**Your assignment**.
With the pictures omitted, print exactly the lines below, from the one containing "Preview: various empty plates" through the one containing "Me Too Black Ankle Booties - Picture 3 of 8", and nothing else.

**Working data**.
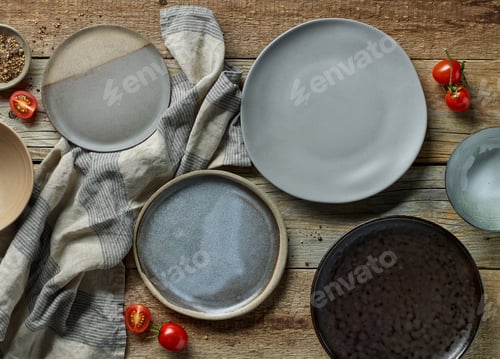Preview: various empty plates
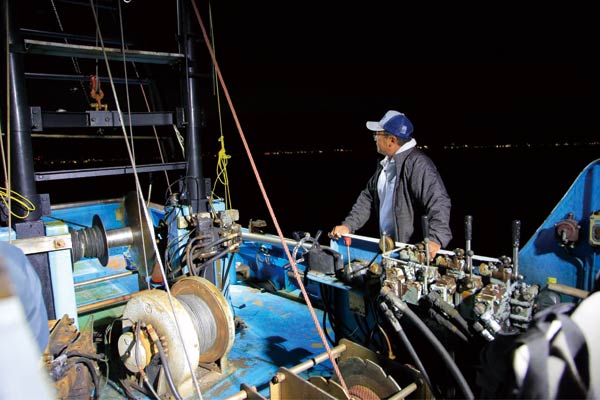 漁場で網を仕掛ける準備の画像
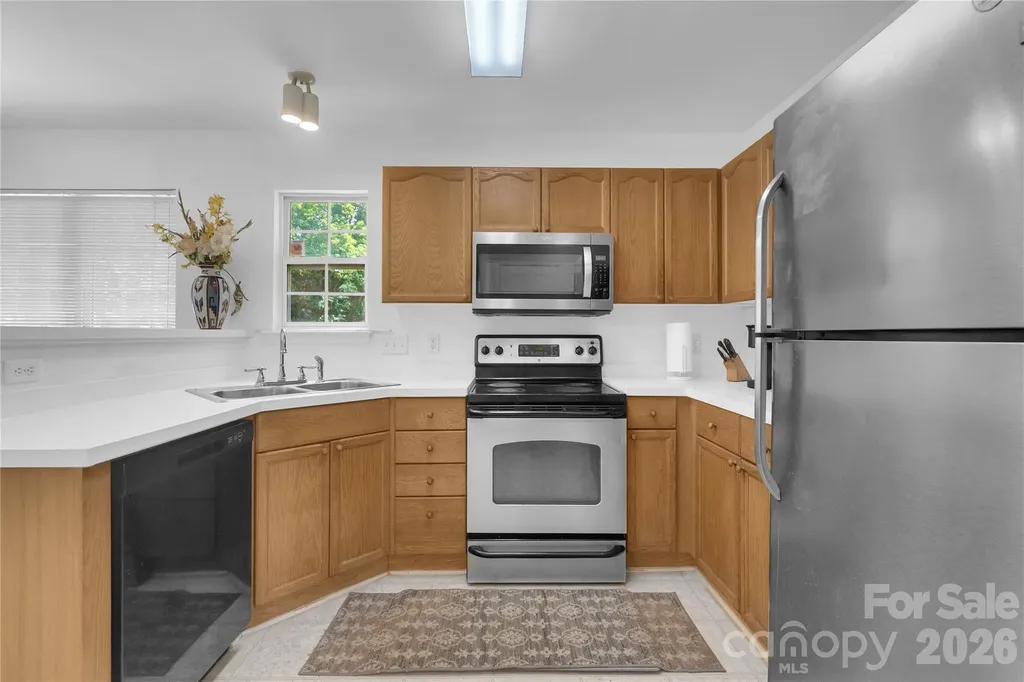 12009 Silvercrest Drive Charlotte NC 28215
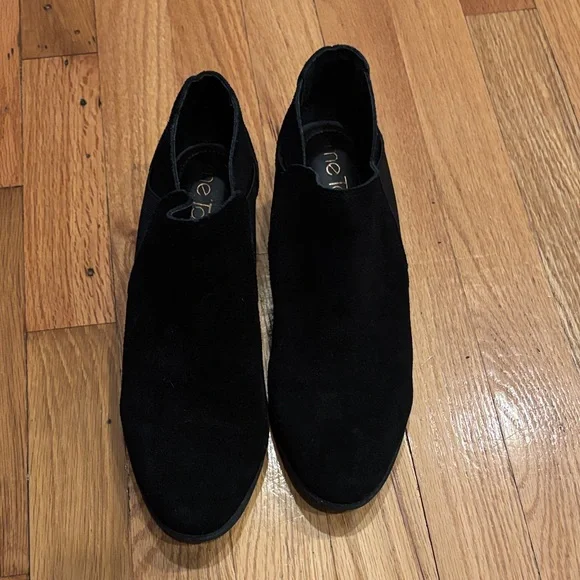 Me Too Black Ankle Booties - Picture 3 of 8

* * *

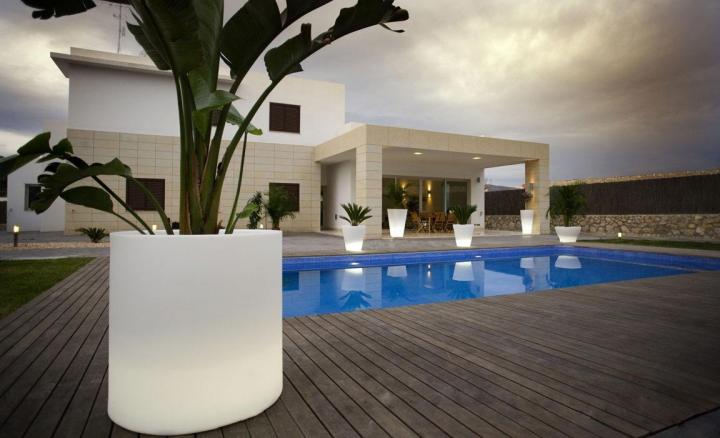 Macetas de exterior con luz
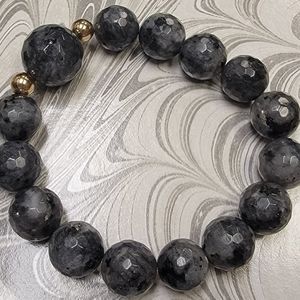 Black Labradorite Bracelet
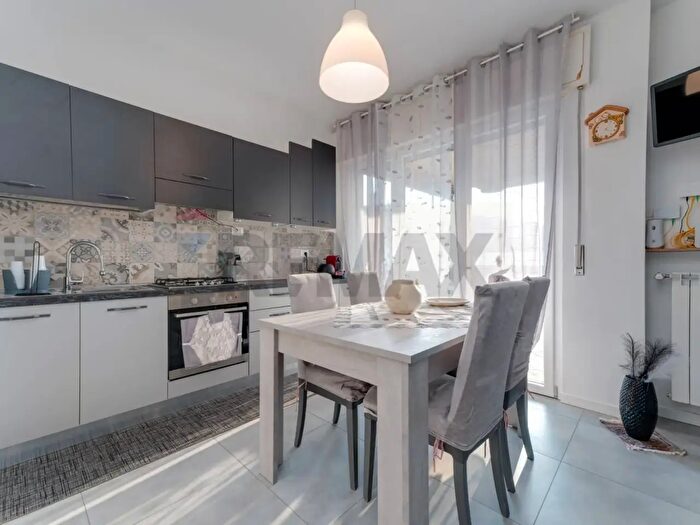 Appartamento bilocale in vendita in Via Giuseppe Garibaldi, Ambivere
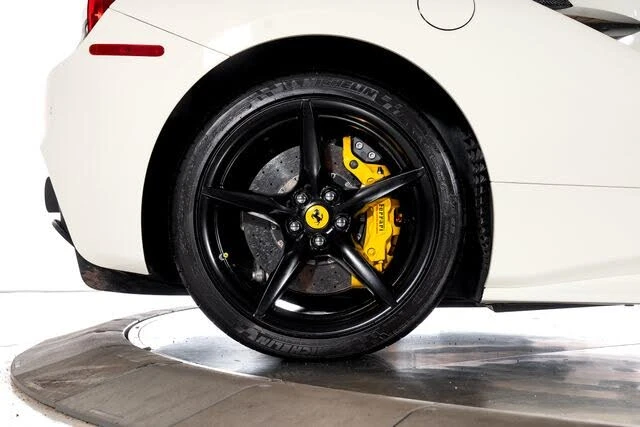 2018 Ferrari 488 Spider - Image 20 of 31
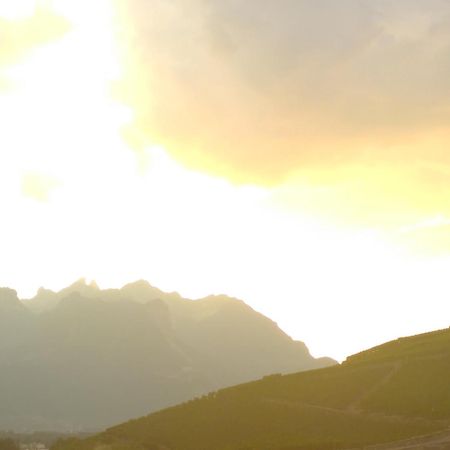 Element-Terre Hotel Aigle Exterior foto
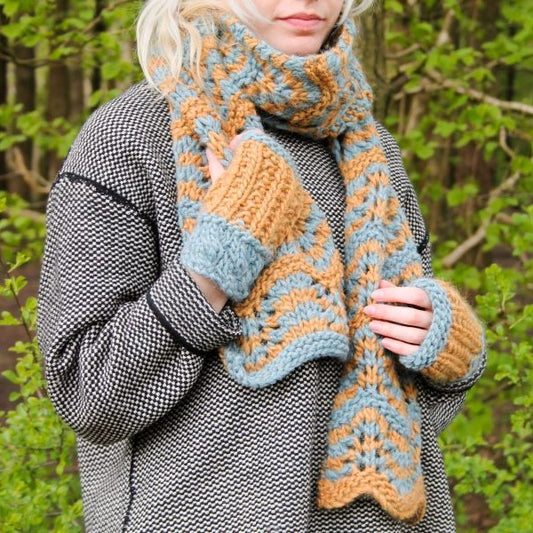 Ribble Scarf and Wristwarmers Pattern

**Written response**.
Preview: various empty plates
 漁場で網を仕掛ける準備の画像
 12009 Silvercrest Drive Charlotte NC 28215
 Me Too Black Ankle Booties - Picture 3 of 8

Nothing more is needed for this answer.